I live in the land of SEPTA. The closest bus stop is over a mile away and not simple to get to, especially in winter. It does not run very early or late (9 pm is the last inbound trip from closest rail station), and on saturday the last trip is around 5 pm, no service sunday or holidays. Pretty useless unless you like waiting or not going at all. All of the rail lines run on about hourly schedules, with some gaps. A few more trains run in the "rush hour" peak times AM and PM. Service on rail lines has definitely gotten worse in the last 3 years, and a bus trip i used to use to get home from train on one specific trip is now cut far back and does notreach the train station, and the next bus after that is the last one of the night. Several trains have been cut back on the doylestown branch (i sometimes use SEPTA to go between newtown and doylestown). So, combining the cut back trains and the cut back bus, a 2 hour trip gets turned into a 4.5 hour trip, and that's if everything is running on time.
There is an unfunded bus route directly between newtown and doylestown that would actually run feet from my house, but i doubt it will ever actually see funding. It would cut that 3 hour one way trip (4.5 back if you miss that train) down to an hour at most. A 6 hour round trip into a 2 hour round trip not funded, yep, that's SEPTA.
I can't wait for the next pint of good chocolate milk after a long ride.
So ... I've been using the new bus route for a little while now. I walk through a treed school-yard/reserve overlooking the bay, listening to the birds singing, on my way to my bus stop. The route is longer than my previous route, but has some nice views along the way. If I get one of the good drivers, we sail into the city ... if I get one of the less skilled drivers the trip isn't quite as pleasant. Fortunately, I've had more good drivers than not.
The route home has been a bit more of a challenge ... it's taken me a few tries to find a bus that works for me. Today, I somehow managed to catch a bus that took me along one of the local beaches. That was nice. I'll have to see if I can catch that one again.
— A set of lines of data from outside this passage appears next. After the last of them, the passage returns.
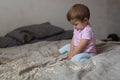 Baby playing on bed of beans, early development, natural toys, Royalty Free Stock Photo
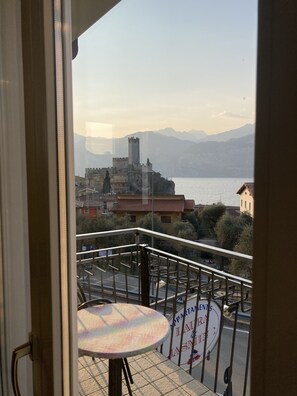 Un balcone con tavolo e sedie, affaccia su una città con una struttura simile a un castello e montagne sullo sfondo.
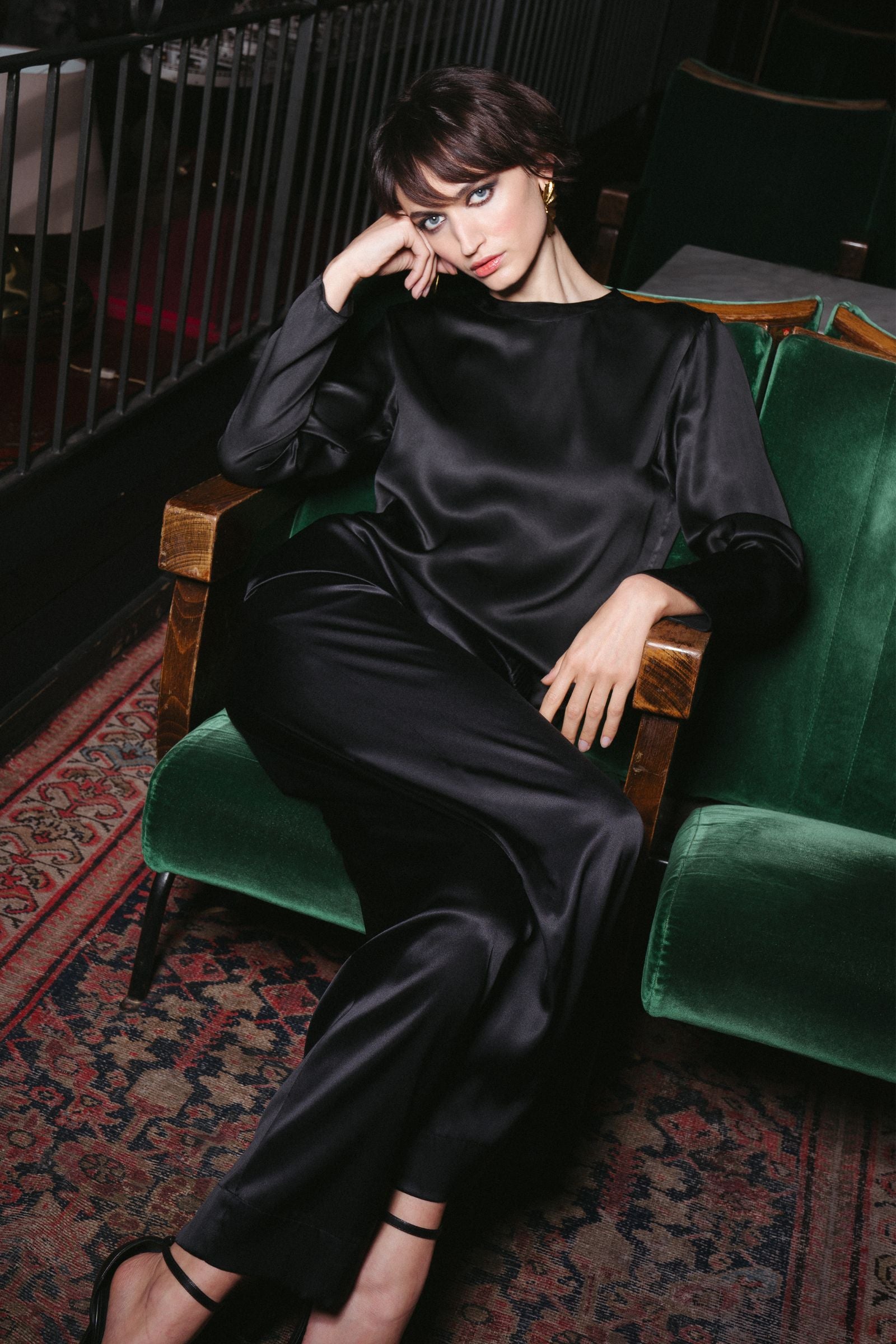 Black organic silk long sleeve top and trousers styled in a relaxed setting with fluid drape and refined silhouette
I usually just read on the bus, since I don't have to worry about getting off at the right stop. But I always make sure I'm looking out the window when we cross the Willamette River. Pretty stuff.
Falls City, OR
1993 Rocky Mountain Fusion
2012 Fargo 2
I live on the Maryland side of D.C. and use the Metro Bus, Montgomery County's Ride On bus system, and the Metro rail when adverse weather prohibits a bike ride. I think $4.55 is the highest combination I pay for a one way trip to downtown D.C. where I work. On the low end it's about $3.85 per trip. A trip take about an hour and ten minutes to an hour and twenty minutes depending on whether it's a weekday or a weekend and if I connect to a bus or a train. Bicycling the route takes forty-five minutes, a disappointing forty-three if I push it. Public transportation in D.C. sometimes catches a bad rap, and not entirely without reason, but I think it is a great system. It certainly is easier to be car free when it is accessible. Today for example they were predicting three inches of rain and had issued flood warnings. Although it hasn't turned out that bad, it still would have been a very soggy commute.
People are broad-minded. They'll accept the fact that a person can be an alcoholic, a dope fiend, a wife beater and even a newspaperman, but if a man doesn't drive, there's something wrong with him.